Exactly as written, print the lines from the top of the listing through the line containing "Flowers - Poland"; include no pictures.

---

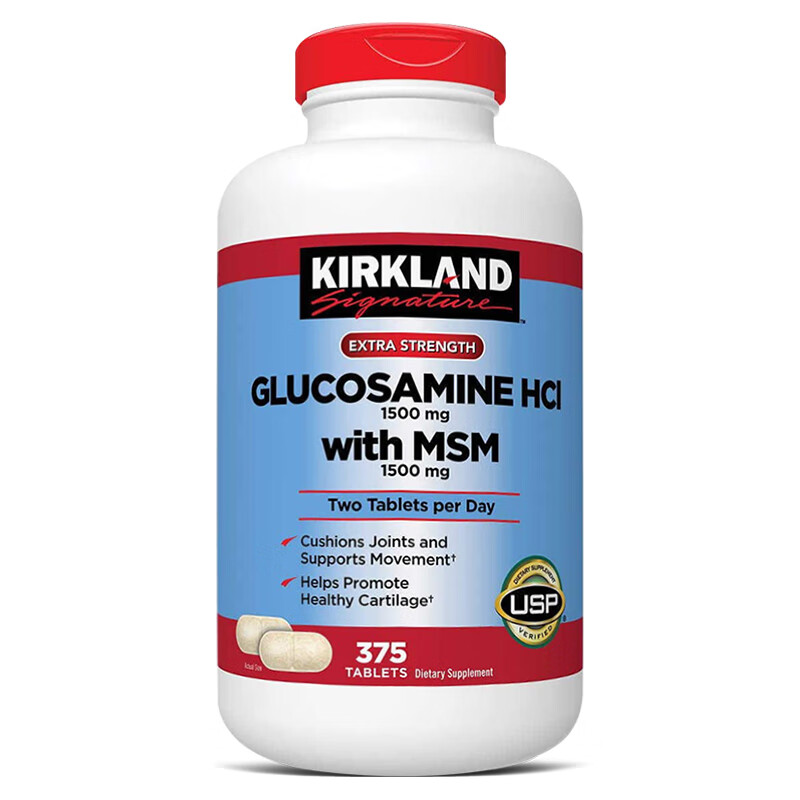 柯克兰 进口 氨糖软骨素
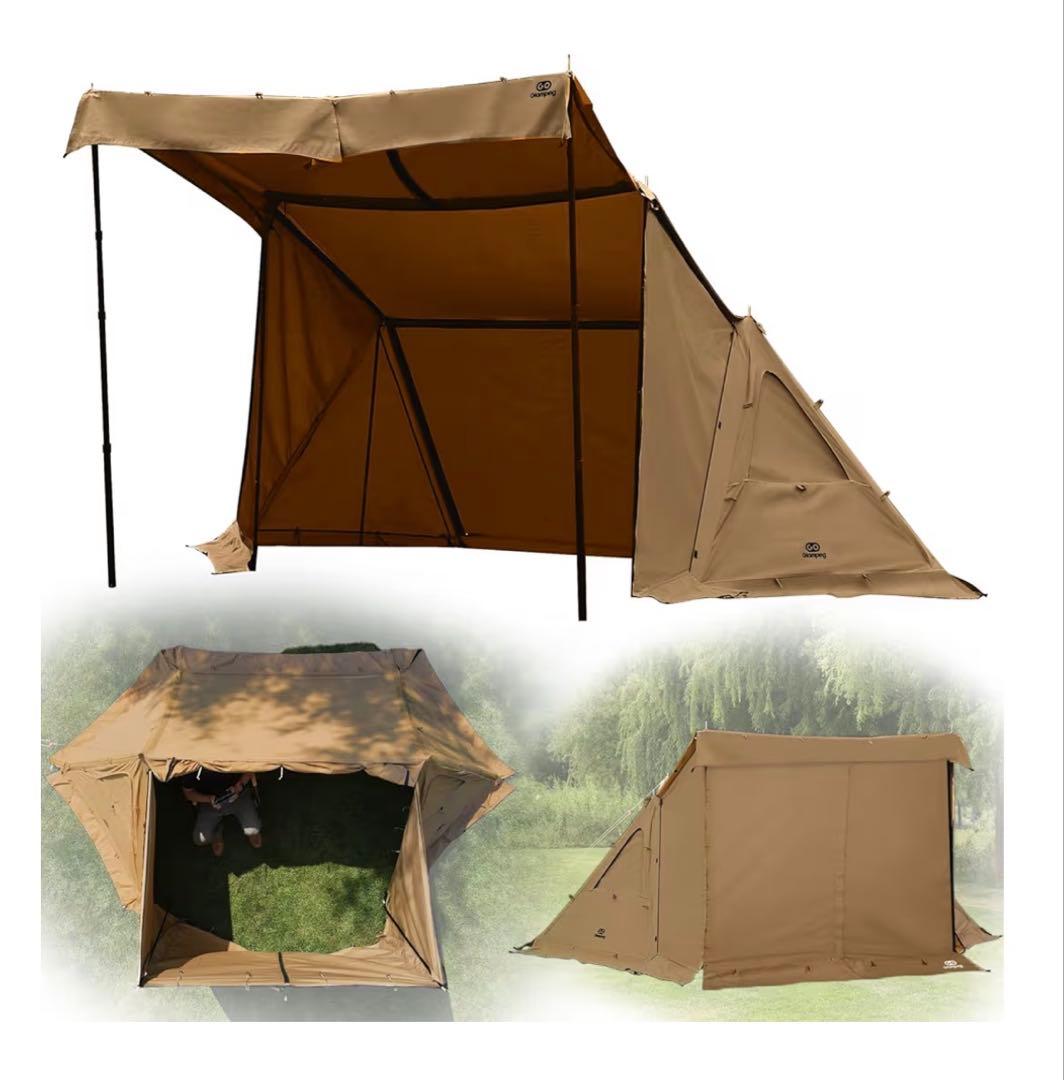 GO glamping G-G PUP 2.0 パップテント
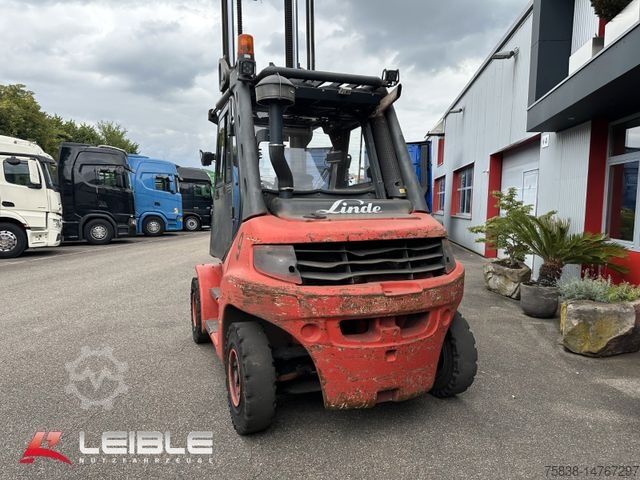 Frontstapler LINDE H50D-02*Duplexmast*Deutz Motor*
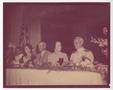 Photograph: [Chester W. Nimitz and Guests at Corpus Christi Naval Air Station]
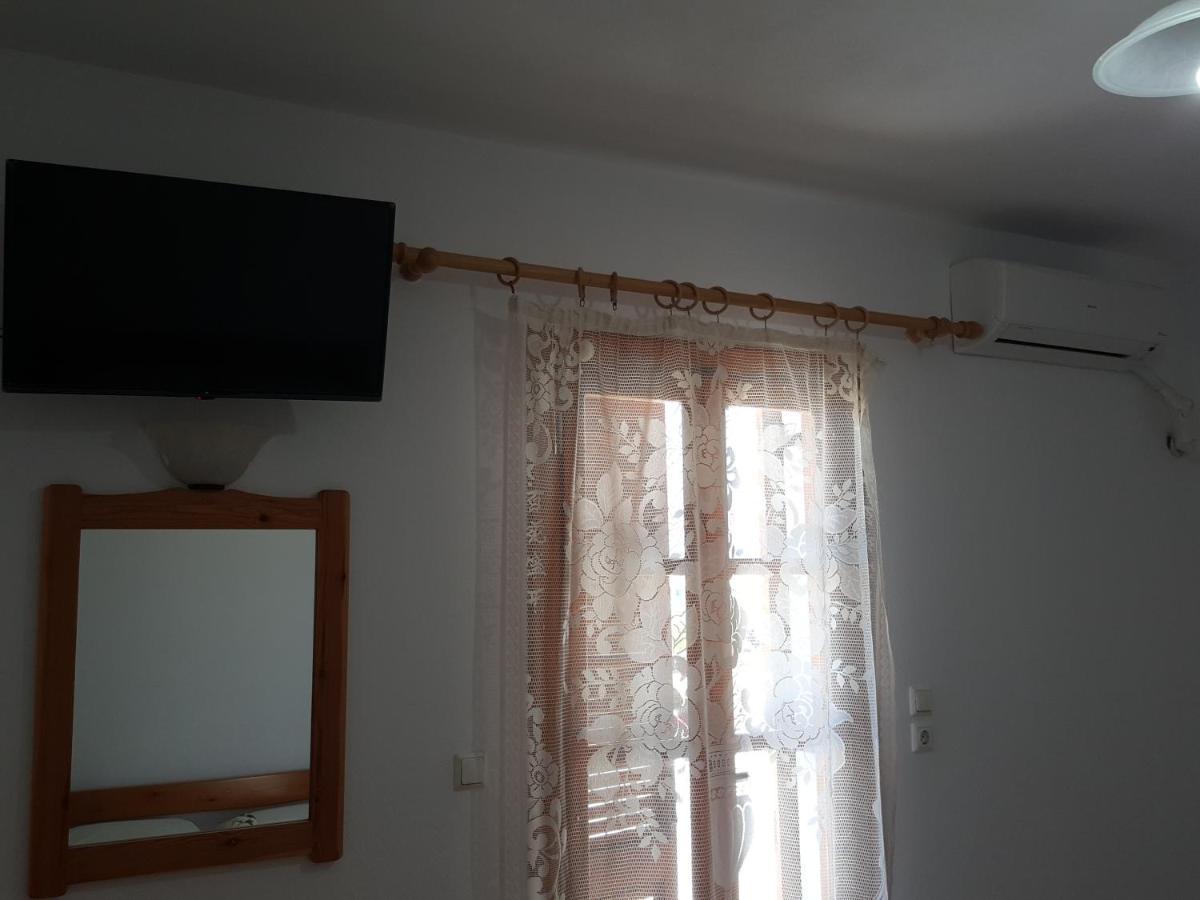 O Fotis Aparthotel Agios Prokopios  Luaran gambar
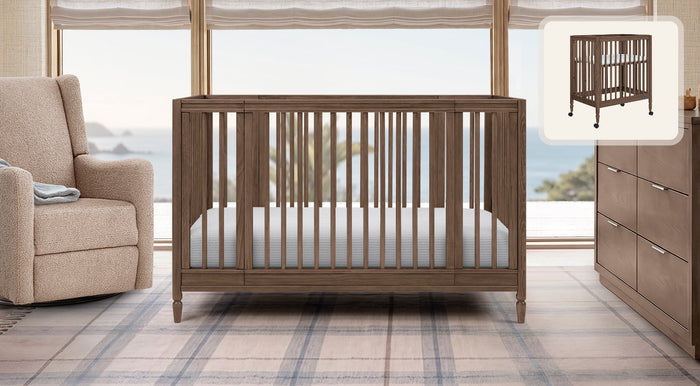 Teak Brown (1526) 1-Jalen Grow With Me Collection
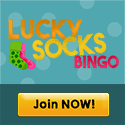 Lucky Socks Bingo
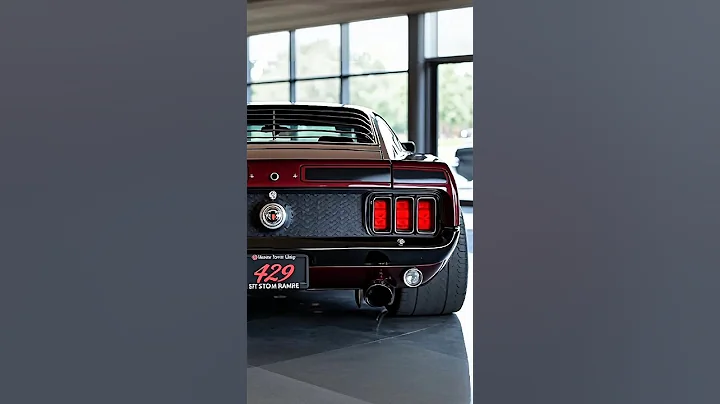 2026 Ford Mustang Boss 429 – The Legend Returns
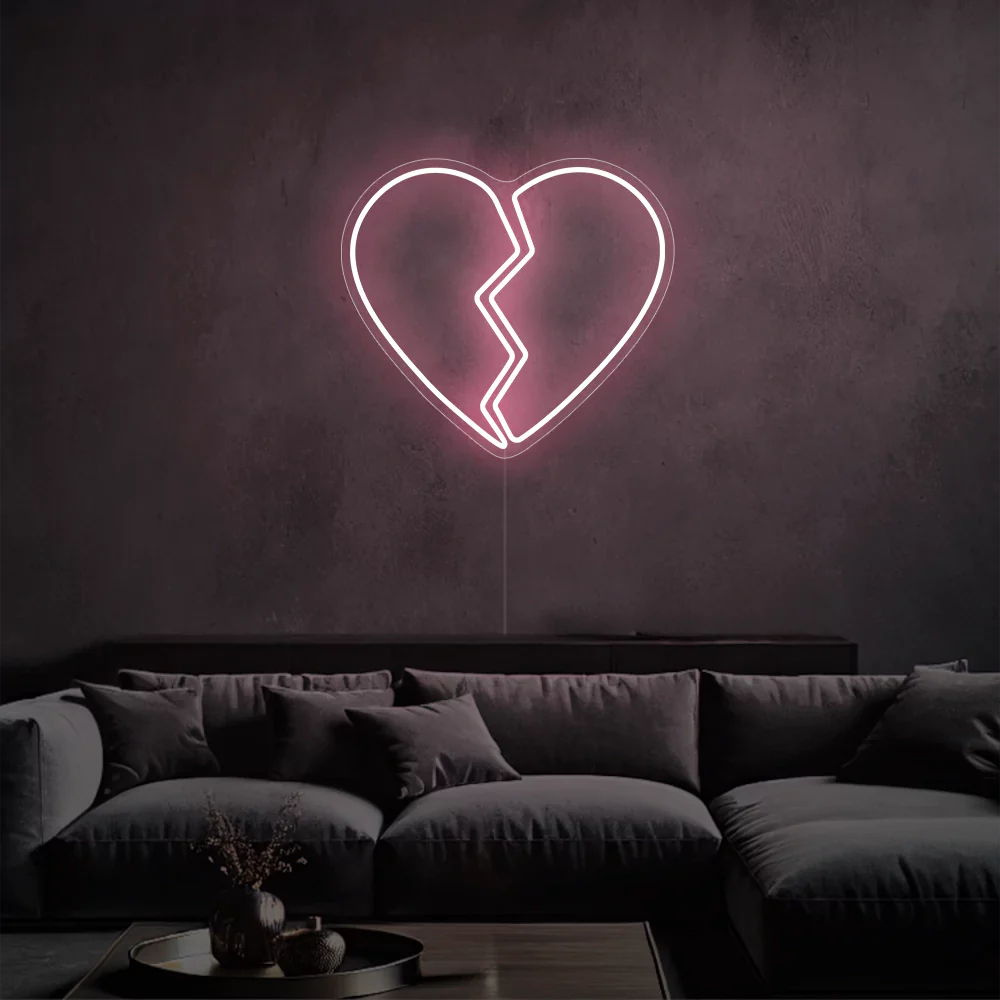 Néon LED Amour Éternel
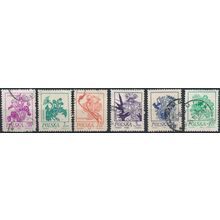 Flowers - Poland 1974 - FH - MiNr 2296/301 (D)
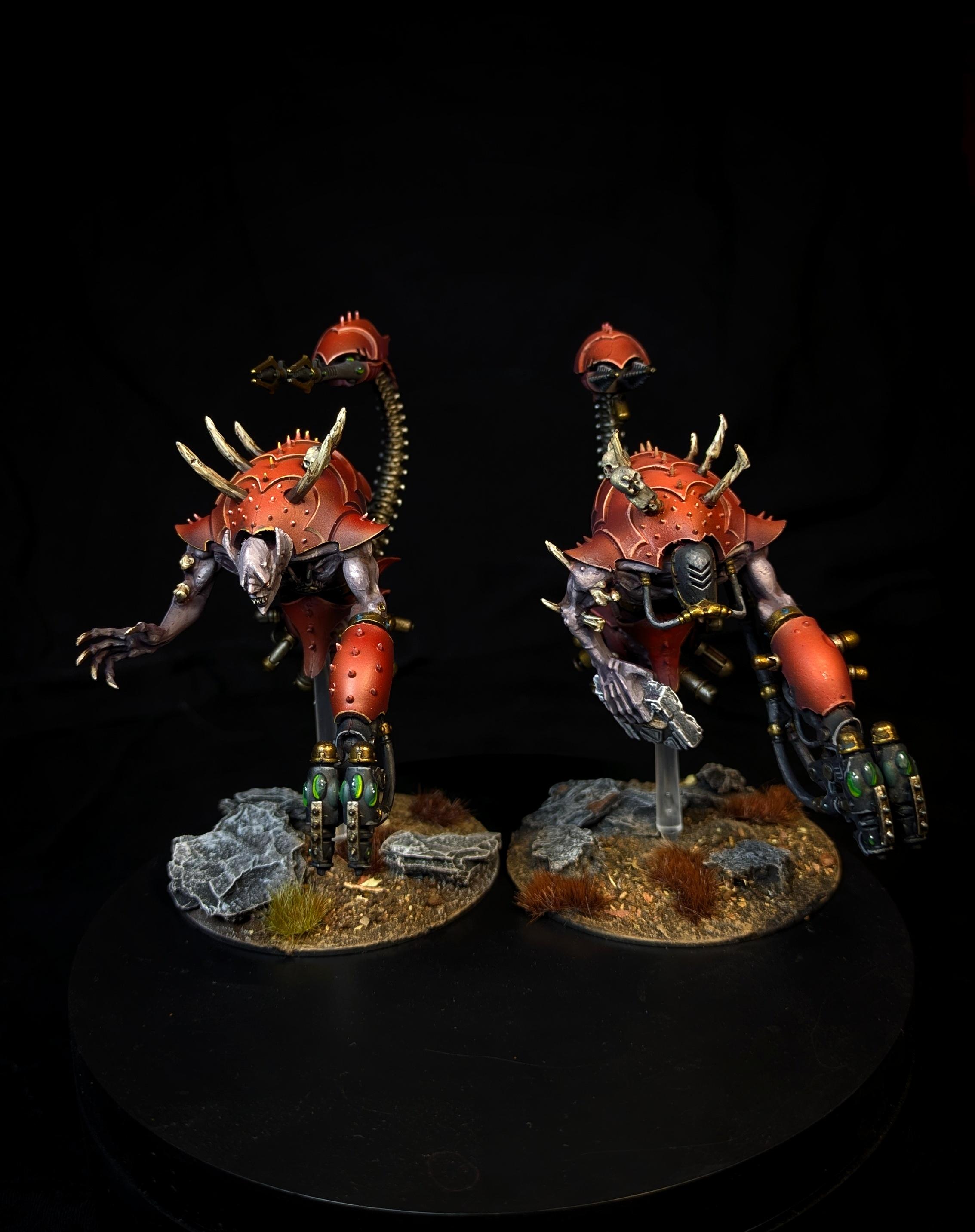 Dark Eldar, Drukhari, Kitbash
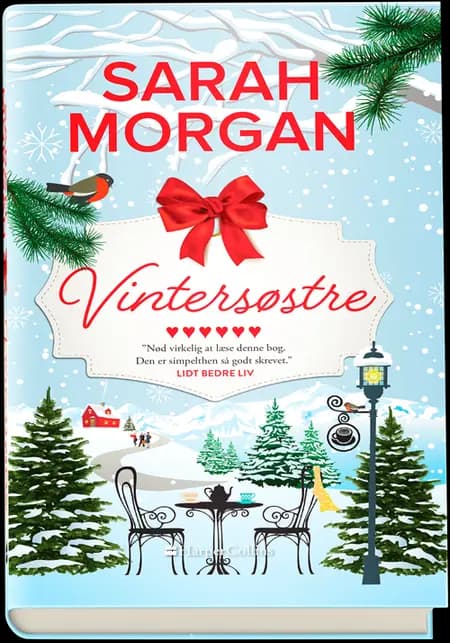 Vintersøstre af Sarah Morgan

---

### [Solution]
 柯克兰 进口 氨糖软骨素
 GO glamping G-G PUP 2.0 パップテント
 Frontstapler LINDE H50D-02*Duplexmast*Deutz Motor*
 Photograph: [Chester W. Nimitz and Guests at Corpus Christi Naval Air Station]
 O Fotis Aparthotel Agios Prokopios  Luaran gambar
 Teak Brown (1526) 1-Jalen Grow With Me Collection
 Lucky Socks Bingo
 2026 Ford Mustang Boss 429 – The Legend Returns
 Néon LED Amour Éternel
 Flowers - Poland 1974 - FH - MiNr 2296/301 (D)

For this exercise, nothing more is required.